The state owned Container Corporation of India, CONCOR is planning to
start a coastal shipping service to Bangladesh and to other east coast ports
during the current financial year its chairman V Kalyana Rama has said.
Concor’s earlier coastal service, a
Talking to newspersons here he
said the coastal service which his company started earlier this year from
Kandla to Tuticorin was a success. The service has eighty per cent occupancy
when it takes off from Kandla and calls at Cochin Port before terminating at
Tuticorin. There is not much of return cargo from Tuticorin port.

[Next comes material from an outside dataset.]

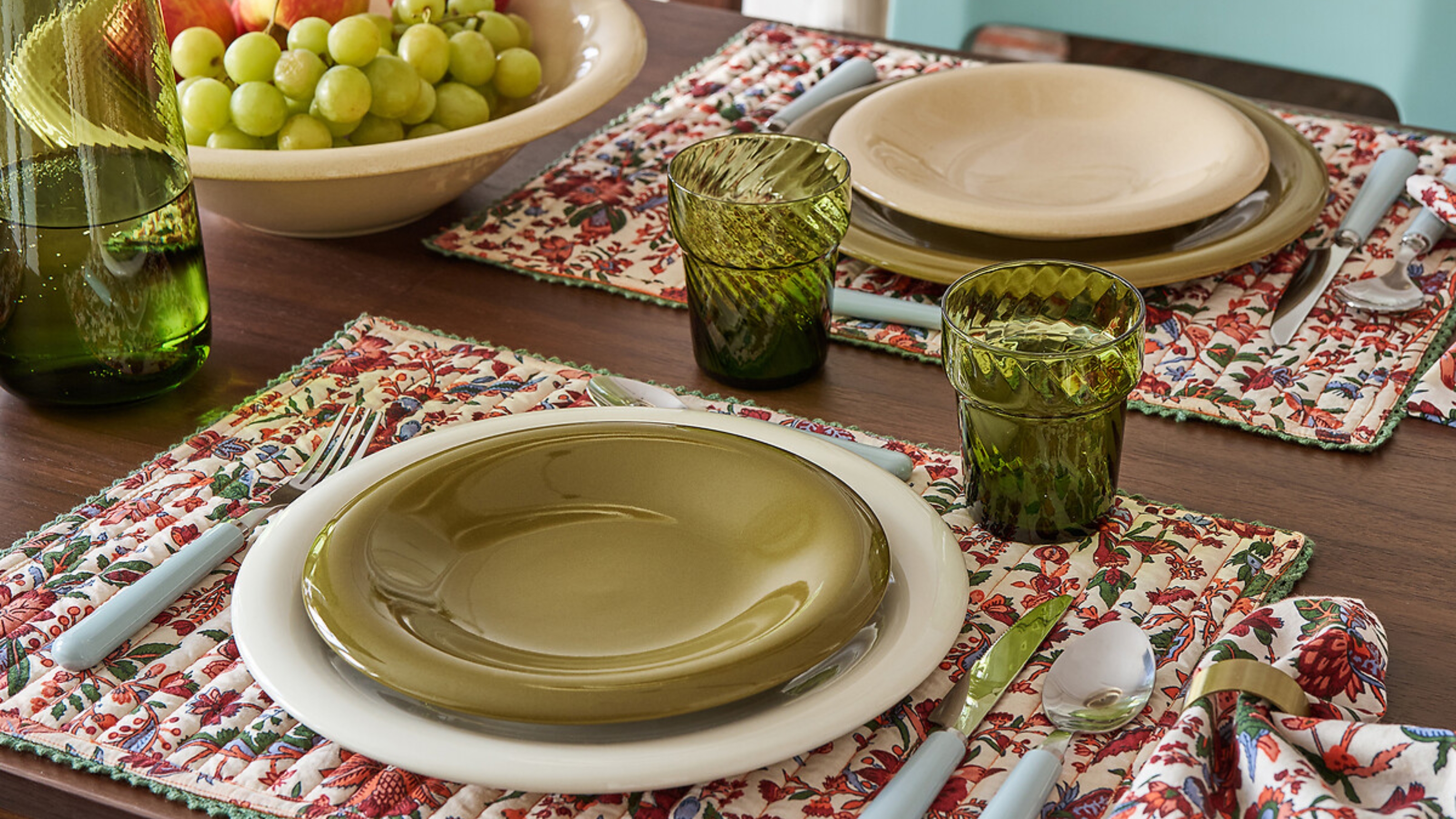 Close-up image of a color table setting with patterned, quilted placemats. There are double stacked bubble plates at the setting in olive green, white, and tan.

Cargo carried by the coastal service includes food grains, fertilizer
and tiles. Southern ports concentrate on imports and there is not much exports on
the domestic end.
B’desh service to skip Tuticorin port
Replying to questions he said the Bangladesh service which his company
proposes to start during the year might skip Tuticorin port.
Concor plans to invest a sum of Rs one thousand crores of which 30 to
forty per cent will be spent on infrastructure like dry port development and
about fifty per cent on purchase on wagon handling equipment. It plans to add
270 new rakes at a cost of rs 4500 crores in the next four years. CONCOR has at
present 343 rakes.
The company also plans to add new cargoes to containerization
including bulk cement and food grains. Lot of wastage takes place when they are
handled in bulk and hence attempts are being made to containerize the cargo.
Company’s new activity: 20 distribution logistics centres
Another new activity the company has entered into is the setting up of
distribution logistics centre at 20 centers all over the country. A centre has
already been opened near Chennai two months ago. The centers will connected to
the dry ports and about eighty of them are operational by CONCOR. Another ten
dry ports will be launched during the current financial year.
Concor’s additions to the existing fleet
of 24,000 containers
CONCOR has a fleet of 24,000 containers at present operating in the
domestic market. About eight thousand containers were added last year. An order
for 4000 containers is in the pipeline and will be added to the fleet during
the current year. Tenders have also been floated to purchase another ten
Last year turn-over the company
The turn-over of the company last year was rs7200 crores and earned a
surplus of rs 1200 crores. The company handled 3.83 million teus. Volumes have
grown by ten per cent over the previous year.
Company’s new trade-friendly measures
The navaratna company has recently announced several trade friendly
measures including uniform 45 days free time on loaded container imports in all
its terminals throughout the country. The empties also enjoy a free period
ninety days thereby virtually handing over free storage space to the trade.
It has also implemented 24X7 cargo tracking system for containers
handled by the company till it reached the manufacturers godown or the ship in
the case of exports through mobile app.
No tariff hike till March 31, 2020
The company has also come out with a novel announcement that there
will be no hike in tariff for handling containers for a full period of one year
till March 31 2020 in all the terminals run by CONCOR to facilitate the trade
to plan their activity without any hiccups on the cost front. We have provided
the trade with stable regime, he said.
There are no agreement or commitment from the trade about the volumes
they will transact to avail this facility. Anyone who uses the CONCOR facility
will be eligible to avail the price freeze facility.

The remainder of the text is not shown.